The data exploration was done in a notebook found at notebooks/1.0-TD-data-exploration.ipynb

After loading the dataset and doing a quick overview of what is in it, we decided to first take a look at the Target feature.

Target feature analysis

We can see that they are a lot more negative target (value of 0, which mean that the applicant haven’t been able to repay the loan) than positive target (value of 1, the opposite)

After that we decided to prepare the data processing by looking at the missing values :

Missing values overview

To see the values that were missing, we created a small python program that would count the missing values for each columns and displays them as a percentage in a pandas dataframe

def missing_values_table(df):

    missing = df.isnull().sum()

    percent = 100 * df.isnull().sum() / len(df)

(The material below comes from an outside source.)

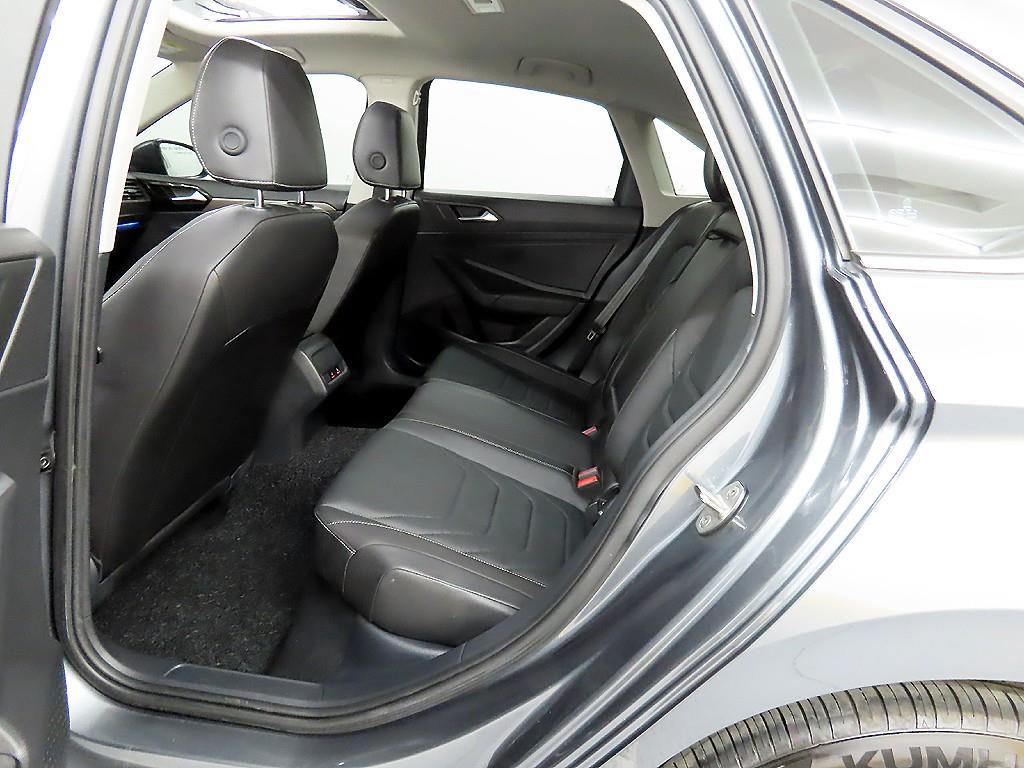 Volkswagen Jetta - Vista 6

    table = pd.concat([missing, percent], axis=1)

    table_rename = table.rename(columns = {0: 'Number of missing values',1: '% of Total Values'})

    return table_rename[table_rename['Number of missing values'] > 0]

Here is what we got in decreasing order for the training set and the testing set :

Unique values overview

To prepare feature engineering, we needed some insight on the unique values for each columns so we created this python code.

def unique_df(df):

    number_unique = []

    for column in df.columns:

        number_unique.append(df[column].nunique())

    df_unique = pd.DataFrame(zip(df.columns, number_unique, [str(dtype) for dtype in df.dtypes]),
                            columns = ["Column name", "Nbr of Unique Values", "Data Type"])
    return df_unique

This code count the unique values and data type for each column, we will be using it to aim our feature engineering.

Correlations

We also tried to see the columns that were strongly correlated with the target feature with pandas’ .corr() function.